Quantum Safe Crypto Libraryは、NISTが2024年8月、量子コンピューティングによる解読に耐えるものとして選定した、以下の3つのPQCアルゴリズムを利用できる。
- 「ML-KEM」(旧名称「CRYSTALS-Kyber」)
- 鍵カプセル化機構(KEM:Key Encapsulation Mechanism)に分類されるアルゴリズム。
- 鍵カプセル化機構とは、データの送信者と受信者の共通鍵を暗号化(カプセル化)し、受信者がそれを秘密鍵で復号する仕組みを指す。
- 「ML-DSA」(旧名称「CRYSTALS-Dilithium」)
- 格子ベース(格子構造を利用した)暗号の電子署名アルゴリズム。デジタル署名を生成し、認証を実施する。
他にも、Quantum Safe Crypto Libraryはハッシュベース署名「LMS」「XMSS」による電子署名ができる。
Quantum Safe Crypto Libraryは「IPsec」「TLS」(Transport Layer Security)との統合が可能だ。通信路の暗号化でPQCを適用する場合、PQCに対応した通信プロトコルとの統合が必要となる。セキュアな通信プロトコルとしては、VPN(仮想プライベートネットワーク)などで使用されるIPsecや、Webサーバなどとの通信で使用されるTLSが代表的だ。

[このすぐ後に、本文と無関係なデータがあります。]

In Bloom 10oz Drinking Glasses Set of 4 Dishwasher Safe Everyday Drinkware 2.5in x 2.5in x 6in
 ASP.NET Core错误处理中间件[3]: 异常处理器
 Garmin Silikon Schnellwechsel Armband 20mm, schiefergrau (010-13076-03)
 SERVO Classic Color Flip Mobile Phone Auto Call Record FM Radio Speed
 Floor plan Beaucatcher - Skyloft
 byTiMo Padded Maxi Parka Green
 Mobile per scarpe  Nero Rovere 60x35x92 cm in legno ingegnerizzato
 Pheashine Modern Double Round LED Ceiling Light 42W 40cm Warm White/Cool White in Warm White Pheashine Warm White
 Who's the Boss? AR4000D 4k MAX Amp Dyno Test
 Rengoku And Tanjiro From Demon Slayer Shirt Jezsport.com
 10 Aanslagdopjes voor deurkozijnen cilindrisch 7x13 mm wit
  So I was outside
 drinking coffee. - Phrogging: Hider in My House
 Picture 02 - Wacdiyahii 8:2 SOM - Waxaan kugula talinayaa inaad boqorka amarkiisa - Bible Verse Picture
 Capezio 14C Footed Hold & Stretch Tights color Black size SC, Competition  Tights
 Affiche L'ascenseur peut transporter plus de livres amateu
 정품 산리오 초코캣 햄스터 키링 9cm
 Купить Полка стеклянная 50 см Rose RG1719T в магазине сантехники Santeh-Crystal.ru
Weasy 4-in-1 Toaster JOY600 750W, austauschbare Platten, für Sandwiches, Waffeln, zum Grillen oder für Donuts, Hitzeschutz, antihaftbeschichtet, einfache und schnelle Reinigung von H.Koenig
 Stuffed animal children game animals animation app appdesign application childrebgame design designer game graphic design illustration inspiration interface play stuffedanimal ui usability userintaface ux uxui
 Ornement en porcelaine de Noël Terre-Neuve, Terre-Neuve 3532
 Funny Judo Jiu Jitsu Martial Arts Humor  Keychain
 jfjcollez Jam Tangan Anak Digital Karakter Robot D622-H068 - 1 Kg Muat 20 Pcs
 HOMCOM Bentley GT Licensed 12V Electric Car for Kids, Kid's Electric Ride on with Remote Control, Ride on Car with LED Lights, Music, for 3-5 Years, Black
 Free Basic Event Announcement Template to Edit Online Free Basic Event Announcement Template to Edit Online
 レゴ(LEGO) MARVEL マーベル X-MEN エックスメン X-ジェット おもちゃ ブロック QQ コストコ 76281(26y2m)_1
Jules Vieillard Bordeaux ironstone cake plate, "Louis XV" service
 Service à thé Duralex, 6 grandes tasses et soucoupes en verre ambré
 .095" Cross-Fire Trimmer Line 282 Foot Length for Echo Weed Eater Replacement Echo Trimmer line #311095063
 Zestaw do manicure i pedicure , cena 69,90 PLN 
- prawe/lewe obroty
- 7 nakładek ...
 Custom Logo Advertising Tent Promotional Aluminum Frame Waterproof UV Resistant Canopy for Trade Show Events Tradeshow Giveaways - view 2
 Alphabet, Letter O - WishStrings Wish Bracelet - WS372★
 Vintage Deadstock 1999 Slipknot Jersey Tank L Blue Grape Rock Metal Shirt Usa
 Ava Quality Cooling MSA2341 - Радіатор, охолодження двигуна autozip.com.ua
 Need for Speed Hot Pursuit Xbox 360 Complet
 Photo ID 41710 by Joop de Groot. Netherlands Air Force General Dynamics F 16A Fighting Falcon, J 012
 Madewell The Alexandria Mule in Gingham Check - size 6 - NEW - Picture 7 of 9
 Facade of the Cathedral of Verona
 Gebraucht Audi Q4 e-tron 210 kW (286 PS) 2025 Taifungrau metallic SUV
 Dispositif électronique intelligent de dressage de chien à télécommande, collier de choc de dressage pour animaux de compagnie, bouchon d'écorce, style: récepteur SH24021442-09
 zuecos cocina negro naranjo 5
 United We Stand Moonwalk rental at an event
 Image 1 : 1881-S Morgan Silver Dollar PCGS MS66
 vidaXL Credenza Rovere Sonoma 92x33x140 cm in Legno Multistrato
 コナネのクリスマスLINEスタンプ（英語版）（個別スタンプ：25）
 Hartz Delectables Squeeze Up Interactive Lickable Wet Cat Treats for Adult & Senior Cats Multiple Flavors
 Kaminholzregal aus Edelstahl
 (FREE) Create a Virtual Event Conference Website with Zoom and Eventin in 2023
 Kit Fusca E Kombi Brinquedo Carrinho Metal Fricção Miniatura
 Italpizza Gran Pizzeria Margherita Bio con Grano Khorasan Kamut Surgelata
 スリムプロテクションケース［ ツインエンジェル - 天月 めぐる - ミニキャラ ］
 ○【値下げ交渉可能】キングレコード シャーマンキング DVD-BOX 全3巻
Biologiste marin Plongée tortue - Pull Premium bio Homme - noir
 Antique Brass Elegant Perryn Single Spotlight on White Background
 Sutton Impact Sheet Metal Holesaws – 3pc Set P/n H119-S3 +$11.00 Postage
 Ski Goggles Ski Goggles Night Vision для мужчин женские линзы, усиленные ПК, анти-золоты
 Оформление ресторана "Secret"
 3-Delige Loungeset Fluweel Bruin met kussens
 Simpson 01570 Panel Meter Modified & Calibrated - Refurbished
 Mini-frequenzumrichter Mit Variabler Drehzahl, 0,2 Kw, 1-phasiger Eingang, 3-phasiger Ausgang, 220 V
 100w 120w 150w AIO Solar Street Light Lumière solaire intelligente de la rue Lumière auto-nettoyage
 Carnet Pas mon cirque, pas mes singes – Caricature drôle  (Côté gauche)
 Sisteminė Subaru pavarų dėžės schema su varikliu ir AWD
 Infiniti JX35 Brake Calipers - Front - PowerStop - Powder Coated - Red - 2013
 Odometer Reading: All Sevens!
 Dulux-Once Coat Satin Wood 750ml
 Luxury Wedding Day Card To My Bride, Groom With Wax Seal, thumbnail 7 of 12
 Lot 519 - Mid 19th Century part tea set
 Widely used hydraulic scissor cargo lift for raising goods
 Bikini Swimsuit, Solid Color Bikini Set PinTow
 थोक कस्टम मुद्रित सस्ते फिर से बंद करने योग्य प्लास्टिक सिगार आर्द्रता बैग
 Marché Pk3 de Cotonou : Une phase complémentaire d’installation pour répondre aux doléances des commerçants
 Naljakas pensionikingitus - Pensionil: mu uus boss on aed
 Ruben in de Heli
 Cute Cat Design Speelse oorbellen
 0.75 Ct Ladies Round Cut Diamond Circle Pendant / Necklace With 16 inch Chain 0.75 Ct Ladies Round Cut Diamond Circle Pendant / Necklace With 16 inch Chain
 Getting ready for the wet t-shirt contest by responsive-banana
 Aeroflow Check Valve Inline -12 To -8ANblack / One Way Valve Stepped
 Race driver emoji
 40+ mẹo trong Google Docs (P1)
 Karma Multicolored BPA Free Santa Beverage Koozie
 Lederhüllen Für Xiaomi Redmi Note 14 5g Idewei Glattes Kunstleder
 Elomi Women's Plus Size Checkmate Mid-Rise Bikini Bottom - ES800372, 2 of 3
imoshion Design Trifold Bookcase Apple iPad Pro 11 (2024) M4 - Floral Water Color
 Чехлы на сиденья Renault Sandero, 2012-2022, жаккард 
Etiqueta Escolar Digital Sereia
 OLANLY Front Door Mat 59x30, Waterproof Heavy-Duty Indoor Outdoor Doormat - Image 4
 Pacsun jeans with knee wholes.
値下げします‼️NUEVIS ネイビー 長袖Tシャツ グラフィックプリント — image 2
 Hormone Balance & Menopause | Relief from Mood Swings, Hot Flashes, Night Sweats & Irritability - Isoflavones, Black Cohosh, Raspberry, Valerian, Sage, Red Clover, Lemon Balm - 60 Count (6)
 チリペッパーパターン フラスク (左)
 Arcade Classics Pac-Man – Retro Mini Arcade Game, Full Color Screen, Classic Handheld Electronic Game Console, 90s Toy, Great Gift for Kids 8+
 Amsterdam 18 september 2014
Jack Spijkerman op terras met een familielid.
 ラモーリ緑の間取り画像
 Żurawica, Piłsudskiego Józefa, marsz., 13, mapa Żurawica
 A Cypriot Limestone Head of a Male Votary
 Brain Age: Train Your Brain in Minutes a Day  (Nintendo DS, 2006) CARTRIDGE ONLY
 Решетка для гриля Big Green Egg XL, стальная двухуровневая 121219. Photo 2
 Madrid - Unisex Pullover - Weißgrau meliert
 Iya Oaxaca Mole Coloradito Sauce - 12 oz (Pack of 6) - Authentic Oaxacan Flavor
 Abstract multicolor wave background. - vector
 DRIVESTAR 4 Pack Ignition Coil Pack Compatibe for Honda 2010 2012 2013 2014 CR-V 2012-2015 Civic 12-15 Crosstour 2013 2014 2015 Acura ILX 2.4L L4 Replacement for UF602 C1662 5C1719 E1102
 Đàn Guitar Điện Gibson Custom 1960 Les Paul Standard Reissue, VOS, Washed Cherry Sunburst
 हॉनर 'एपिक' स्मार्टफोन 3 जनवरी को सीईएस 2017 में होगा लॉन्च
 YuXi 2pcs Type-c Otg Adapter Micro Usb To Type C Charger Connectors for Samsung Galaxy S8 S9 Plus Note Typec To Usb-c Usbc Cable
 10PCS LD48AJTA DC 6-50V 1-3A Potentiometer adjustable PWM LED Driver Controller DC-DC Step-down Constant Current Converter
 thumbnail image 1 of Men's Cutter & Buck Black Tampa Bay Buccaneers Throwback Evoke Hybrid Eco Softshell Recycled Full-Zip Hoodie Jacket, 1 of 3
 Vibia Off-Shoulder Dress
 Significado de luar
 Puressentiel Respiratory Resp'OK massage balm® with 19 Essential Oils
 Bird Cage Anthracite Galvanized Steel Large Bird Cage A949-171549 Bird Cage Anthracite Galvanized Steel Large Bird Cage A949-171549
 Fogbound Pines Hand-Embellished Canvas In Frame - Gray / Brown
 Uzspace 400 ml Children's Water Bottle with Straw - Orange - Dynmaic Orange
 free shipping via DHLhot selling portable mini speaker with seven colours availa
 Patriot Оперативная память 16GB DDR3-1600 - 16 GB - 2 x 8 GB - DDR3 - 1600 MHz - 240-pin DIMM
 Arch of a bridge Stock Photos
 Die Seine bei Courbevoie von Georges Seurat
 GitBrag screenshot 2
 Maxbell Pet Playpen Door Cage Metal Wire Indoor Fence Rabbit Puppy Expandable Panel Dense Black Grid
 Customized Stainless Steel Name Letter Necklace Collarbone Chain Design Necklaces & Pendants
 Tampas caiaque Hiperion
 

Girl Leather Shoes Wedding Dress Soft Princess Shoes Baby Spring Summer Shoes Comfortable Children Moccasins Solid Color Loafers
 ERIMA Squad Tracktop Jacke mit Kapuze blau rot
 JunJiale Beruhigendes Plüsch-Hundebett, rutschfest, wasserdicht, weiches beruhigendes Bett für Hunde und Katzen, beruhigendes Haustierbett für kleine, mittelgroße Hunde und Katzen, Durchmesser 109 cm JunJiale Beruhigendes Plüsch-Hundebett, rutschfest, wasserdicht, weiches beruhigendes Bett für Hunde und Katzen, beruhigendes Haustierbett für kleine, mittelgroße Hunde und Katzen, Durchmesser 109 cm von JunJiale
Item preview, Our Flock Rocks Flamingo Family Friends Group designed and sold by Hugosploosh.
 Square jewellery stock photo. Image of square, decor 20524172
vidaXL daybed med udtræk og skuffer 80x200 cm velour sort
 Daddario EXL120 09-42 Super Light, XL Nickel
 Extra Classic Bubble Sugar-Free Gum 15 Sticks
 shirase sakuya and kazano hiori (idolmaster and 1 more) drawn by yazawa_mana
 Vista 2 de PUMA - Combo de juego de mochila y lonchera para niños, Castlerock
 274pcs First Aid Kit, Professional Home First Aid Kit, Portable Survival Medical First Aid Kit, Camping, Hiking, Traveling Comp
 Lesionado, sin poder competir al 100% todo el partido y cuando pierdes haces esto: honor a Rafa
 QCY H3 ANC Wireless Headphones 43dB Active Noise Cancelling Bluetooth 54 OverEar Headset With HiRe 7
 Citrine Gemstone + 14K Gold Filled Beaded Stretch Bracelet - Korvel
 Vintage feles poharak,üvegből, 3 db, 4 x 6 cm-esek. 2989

IPsecに関しては、別途提供されるツールキット「Quantum Safe IPsec Toolkit」と組み合わせることで、PQCの適用が可能となる。TLSに関してはオープンソースのTLSライブラリ「OpenSSL」との統合ができる。これらの通信プロトコルとの統合によって、既存の通信インフラにPQCを導入することが可能になる。